In Fallen Leaves Will Durant, best known for the best-selling History of Philosophy and popular 14-volume History of Civilization, seeks to express “how I feel, now that I have one foot in the grave, about those ultimate riddles I dealt with so recklessly years ago….” including life, love, war, religion and God. He began these reflections in March 1967 and continued working on them until his death on November 7, 1981.
Over 30 years after his death, Durant’s granddaughter Monica Mihell discovered drafts of the manuscript in a box when, after selling her house, she was preparing to move.
Since the book is very short the reflections on these topics are tantalizingly brief. But they remarkably reveal how intellectually alive and alert for a man in his 80s and 90s Durant remained.
I personally experienced this mental alertness. In May 1979 as president of Saint Peter’s College, I flew to Los Angeles to confer honorary degrees upon Will and his wife Ariel. (He was a graduate of Saint Peter’s Prep and had earned bachelor’s and master’s degrees from Saint Peter’s College.) In expressing his gratitude for the bestowal of these degrees Will stood up and at the age of 93 succinctly and eloquently gave a five minute response without using any notes.
Will’s sister Ethel Halliwell, who lived in Westfield, N.J., and with whom I often had dinner, used to visit the Durants in Los Angeles. She told me that she would bring for reading during her visit books by prominent theologians like Hans Küng and Edward Schillebeeckx. Will would grab the books immediately upon her arrival, read them and then tell Ethel that the authors were saying what he used to say.
Durant’s love for Christ is manifest throughout these reflections. This love did not come as a surprise to me, since Will signed his letters to me with this phrase above his name: “Another Lover of Christ.”

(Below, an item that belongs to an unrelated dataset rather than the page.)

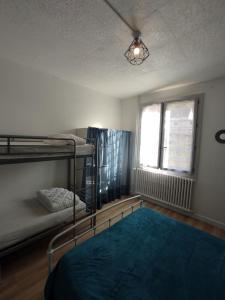 Appartements Lilas, Gite Saint Antoine, Orcival, Entre Sancy et Volcans. : photos des chambres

Readers will have an interest in knowing the reasoning behind some of his observations. For example, he comments: “Through all the adventures of the mind among philosophies and creeds the figure of Christ remains the most appealing in history.” He later states: “There are in America and Europe thousands of clergymen who are ready and eager for the Christianity of Christ. It is we, the laity, who hold them back, who insist upon our inherited orthodoxies, and who hesitate to sit in the same pew with one whose beliefs differ in any article from our own.”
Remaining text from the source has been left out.